Summary
Recife, the capital of Pernambuco in northeast Brazil, strengthened its data governance, workforce capacity, and evidence-based management through its participation in the City Data Alliance (CDA). In Brazil, the federal government supplies medications while cities manage distribution, which left many residents visiting multiple public pharmacies to find essential medicines. With new data foundations in place, Recife used its existing pharmacy system to capture real demand, align inventory across locations, and improve frontline workflows. By making availability visible and matching supply to need, the city reduced uncertainty for residents, increased transparency in the health system, and made access to essential medications more reliable.
Vision
For many Recife residents, especially those managing chronic conditions, securing essential medications often required visiting several pharmacies, creating avoidable delays and stress. These challenges were most acute for people with limited mobility or financial constraints. At the same time, pharmacy teams lacked accurate information on demand.
Mayor João Henrique Campos set a clear objective: ensure residents can reliably access the medications they need, wherever they live. This meant improving visibility into availability, aligning supply with real needs, and supporting the staff who manage daily pharmacy operations, strengthening their ability to plan inventory and serve residents in need.
Approach
Recife’s work built on institutional capabilities developed through the CDA, including a Data Governance Committee, a citywide data protocol, and a centralized management system linking policies, programs, and public services. With these foundations, the city focused on three priorities:
- Capturing demand where it occurs: Rather than introducing a new system, Recife adapted existing pharmacy software to capture data on medication demand and distribution. This allowed the city to understand which medications were requested, where shortages occurred, and how demand varied across locations.
- Aligning inventory with real needs: Using the new demand data, the city created inventory profiles for each pharmacy, tailored to the types and quantities of medications most needed by local residents. This shift moved the system away from uniform stocking requirements toward more responsive inventory planning.
- Strengthening frontline workflows: Implementation required coordination across more than 184 pharmacy pick-up points and training for pharmacy agents responsible for data entry and resident interaction. The Strategic Priorities Department worked closely with pharmacy leadership, surveying frontline staff and incorporating their feedback to refine workflows, improve data quality, and enhance customer service.
After several months of internal piloting, the city expanded access through the Conecta Recife app, allowing residents to search for medications, check availability at nearby pharmacies, view opening hours, and reserve supplies for scheduled pick‑ups.
Impact
Recife’s data‑informed approach delivered meaningful improvements for residents and pharmacy teams:
- Faster access for residents: The Conecta Recife app now supports medication search and reservations, helping reduce multi‑pharmacy trips.
- More reliable pharmacy service: Pharmacies experience fewer stockouts and smoother workflows, resulting in a more consistent supply of essential medications.
- Greater equity for high‑frequency users: Insights into mobility, transportation, and time barriers informed a new process to deliver medications by motorcycle to residents who face the greatest challenges.
- Stronger public health insights: Analysis of new demand data highlighted mental health medications as the highest-need category, informing broader planning.

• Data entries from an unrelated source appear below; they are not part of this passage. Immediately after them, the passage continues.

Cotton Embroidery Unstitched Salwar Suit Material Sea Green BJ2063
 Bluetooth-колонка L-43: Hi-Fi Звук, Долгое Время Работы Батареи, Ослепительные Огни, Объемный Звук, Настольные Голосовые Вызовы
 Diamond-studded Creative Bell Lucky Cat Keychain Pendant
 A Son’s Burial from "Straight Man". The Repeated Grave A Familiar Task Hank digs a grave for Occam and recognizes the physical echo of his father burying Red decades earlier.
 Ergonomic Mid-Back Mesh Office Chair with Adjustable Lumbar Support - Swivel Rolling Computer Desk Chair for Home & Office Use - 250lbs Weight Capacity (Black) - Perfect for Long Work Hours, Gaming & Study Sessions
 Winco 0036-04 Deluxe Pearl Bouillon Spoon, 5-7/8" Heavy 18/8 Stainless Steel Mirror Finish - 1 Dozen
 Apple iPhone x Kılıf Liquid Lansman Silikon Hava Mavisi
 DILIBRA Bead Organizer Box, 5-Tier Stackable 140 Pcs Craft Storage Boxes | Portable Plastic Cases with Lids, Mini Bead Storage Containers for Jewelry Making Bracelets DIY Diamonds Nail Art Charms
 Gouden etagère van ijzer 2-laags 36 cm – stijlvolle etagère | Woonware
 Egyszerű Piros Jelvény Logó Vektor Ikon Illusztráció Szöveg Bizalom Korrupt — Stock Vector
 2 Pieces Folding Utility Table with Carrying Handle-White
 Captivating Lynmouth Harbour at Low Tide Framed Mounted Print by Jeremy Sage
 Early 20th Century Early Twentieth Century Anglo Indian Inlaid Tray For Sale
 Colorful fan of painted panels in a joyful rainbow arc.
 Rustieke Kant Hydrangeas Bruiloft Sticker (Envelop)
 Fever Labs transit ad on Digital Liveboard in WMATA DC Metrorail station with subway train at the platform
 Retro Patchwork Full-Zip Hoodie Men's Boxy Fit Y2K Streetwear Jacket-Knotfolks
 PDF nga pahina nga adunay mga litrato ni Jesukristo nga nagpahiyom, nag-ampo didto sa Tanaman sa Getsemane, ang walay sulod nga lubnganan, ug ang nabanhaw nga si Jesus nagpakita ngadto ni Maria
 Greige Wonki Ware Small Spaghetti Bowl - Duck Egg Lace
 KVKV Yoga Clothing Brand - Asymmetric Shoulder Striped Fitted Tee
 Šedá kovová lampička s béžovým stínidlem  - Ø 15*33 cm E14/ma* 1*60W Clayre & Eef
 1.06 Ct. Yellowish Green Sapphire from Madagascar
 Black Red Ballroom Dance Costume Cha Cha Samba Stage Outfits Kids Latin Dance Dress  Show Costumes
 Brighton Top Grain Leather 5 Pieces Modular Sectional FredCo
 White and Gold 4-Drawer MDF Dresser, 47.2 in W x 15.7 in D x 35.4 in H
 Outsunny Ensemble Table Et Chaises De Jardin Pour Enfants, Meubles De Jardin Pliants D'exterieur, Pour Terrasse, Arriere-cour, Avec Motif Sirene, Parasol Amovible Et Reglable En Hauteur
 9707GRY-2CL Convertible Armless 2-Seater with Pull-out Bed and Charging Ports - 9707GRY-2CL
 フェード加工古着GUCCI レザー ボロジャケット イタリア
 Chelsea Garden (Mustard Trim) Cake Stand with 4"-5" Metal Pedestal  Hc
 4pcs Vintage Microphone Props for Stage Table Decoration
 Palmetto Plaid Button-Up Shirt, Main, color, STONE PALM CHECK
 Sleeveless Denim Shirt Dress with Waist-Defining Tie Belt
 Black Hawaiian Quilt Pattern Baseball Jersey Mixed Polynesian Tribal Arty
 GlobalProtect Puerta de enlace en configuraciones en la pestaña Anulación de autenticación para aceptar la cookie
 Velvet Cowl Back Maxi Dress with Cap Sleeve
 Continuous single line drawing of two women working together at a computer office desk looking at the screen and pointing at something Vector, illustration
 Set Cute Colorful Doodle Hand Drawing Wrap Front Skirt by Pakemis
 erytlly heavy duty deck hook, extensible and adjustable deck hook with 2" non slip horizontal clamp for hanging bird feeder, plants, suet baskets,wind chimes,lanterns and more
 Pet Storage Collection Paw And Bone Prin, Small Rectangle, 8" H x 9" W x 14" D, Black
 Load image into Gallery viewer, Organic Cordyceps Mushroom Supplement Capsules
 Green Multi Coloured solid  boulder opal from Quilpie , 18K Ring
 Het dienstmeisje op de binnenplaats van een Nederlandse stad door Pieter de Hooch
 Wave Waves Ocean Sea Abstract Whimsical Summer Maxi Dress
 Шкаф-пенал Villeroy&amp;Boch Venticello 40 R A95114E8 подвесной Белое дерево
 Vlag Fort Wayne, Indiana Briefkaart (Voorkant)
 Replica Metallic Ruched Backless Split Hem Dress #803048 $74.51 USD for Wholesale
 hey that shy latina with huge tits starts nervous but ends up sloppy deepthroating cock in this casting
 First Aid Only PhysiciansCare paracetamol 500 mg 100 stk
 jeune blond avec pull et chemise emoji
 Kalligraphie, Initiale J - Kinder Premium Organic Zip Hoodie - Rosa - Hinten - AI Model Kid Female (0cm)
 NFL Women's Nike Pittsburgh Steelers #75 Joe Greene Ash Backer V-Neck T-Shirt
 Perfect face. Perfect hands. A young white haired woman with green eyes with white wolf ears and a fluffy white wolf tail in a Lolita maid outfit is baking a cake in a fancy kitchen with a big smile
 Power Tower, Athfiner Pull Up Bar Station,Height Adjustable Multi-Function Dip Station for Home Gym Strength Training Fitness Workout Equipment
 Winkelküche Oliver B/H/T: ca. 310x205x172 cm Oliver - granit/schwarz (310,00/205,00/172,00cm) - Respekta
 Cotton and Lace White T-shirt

Recife is continuing to strengthen this work by expanding digital tools and advancing efforts to ensure that medication access is reliable, predictable, and fair for all residents.
Lessons
Recife’s experience shows that data improves outcomes when it is actionable, integrated, and centered on real resident needs. Engaging frontline pharmacy teams ensured that new data practices fit actual workflows, and starting with existing systems made it possible to move quickly while building trust and capacity. Clear problem definition enabled Recife to focus on the barriers residents experience most directly, guiding practical improvements that were both feasible and meaningful. The work also illustrates that data‑informed management is iterative. By learning from use, adapting solutions, and exploring responsible applications of AI, Recife is strengthening its ability to deliver essential health services.